* [Record extracts]:
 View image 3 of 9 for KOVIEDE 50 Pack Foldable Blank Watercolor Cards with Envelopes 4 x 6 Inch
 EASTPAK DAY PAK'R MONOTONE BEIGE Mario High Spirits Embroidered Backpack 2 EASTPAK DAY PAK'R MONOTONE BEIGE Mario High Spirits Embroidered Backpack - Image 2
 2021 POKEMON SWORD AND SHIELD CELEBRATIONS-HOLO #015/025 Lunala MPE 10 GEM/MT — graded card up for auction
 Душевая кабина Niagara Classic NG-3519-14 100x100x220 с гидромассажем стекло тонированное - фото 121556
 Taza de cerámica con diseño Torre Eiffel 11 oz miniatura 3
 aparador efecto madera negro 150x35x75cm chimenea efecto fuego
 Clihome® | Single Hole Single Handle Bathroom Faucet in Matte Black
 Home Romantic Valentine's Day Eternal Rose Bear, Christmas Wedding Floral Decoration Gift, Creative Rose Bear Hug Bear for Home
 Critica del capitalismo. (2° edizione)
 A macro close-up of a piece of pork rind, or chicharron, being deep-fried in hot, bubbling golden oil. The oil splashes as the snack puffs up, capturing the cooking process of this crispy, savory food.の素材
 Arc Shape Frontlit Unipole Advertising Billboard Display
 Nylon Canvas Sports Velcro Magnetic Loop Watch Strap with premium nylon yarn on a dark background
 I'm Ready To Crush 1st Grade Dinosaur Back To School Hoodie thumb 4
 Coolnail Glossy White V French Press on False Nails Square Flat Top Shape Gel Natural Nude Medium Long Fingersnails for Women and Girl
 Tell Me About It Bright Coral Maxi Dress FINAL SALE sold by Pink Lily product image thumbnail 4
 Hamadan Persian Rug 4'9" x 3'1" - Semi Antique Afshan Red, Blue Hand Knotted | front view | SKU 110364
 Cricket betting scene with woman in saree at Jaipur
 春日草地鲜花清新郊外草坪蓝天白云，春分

* [Required work]: Copy, exactly and only, the lines above that begin with the one containing "Backpack - Image 2" and finish with the one containing "Taza de cerámica".

* [Solved exercise]:
 EASTPAK DAY PAK'R MONOTONE BEIGE Mario High Spirits Embroidered Backpack 2 EASTPAK DAY PAK'R MONOTONE BEIGE Mario High Spirits Embroidered Backpack - Image 2
 2021 POKEMON SWORD AND SHIELD CELEBRATIONS-HOLO #015/025 Lunala MPE 10 GEM/MT — graded card up for auction
 Душевая кабина Niagara Classic NG-3519-14 100x100x220 с гидромассажем стекло тонированное - фото 121556
 Taza de cerámica con diseño Torre Eiffel 11 oz miniatura 3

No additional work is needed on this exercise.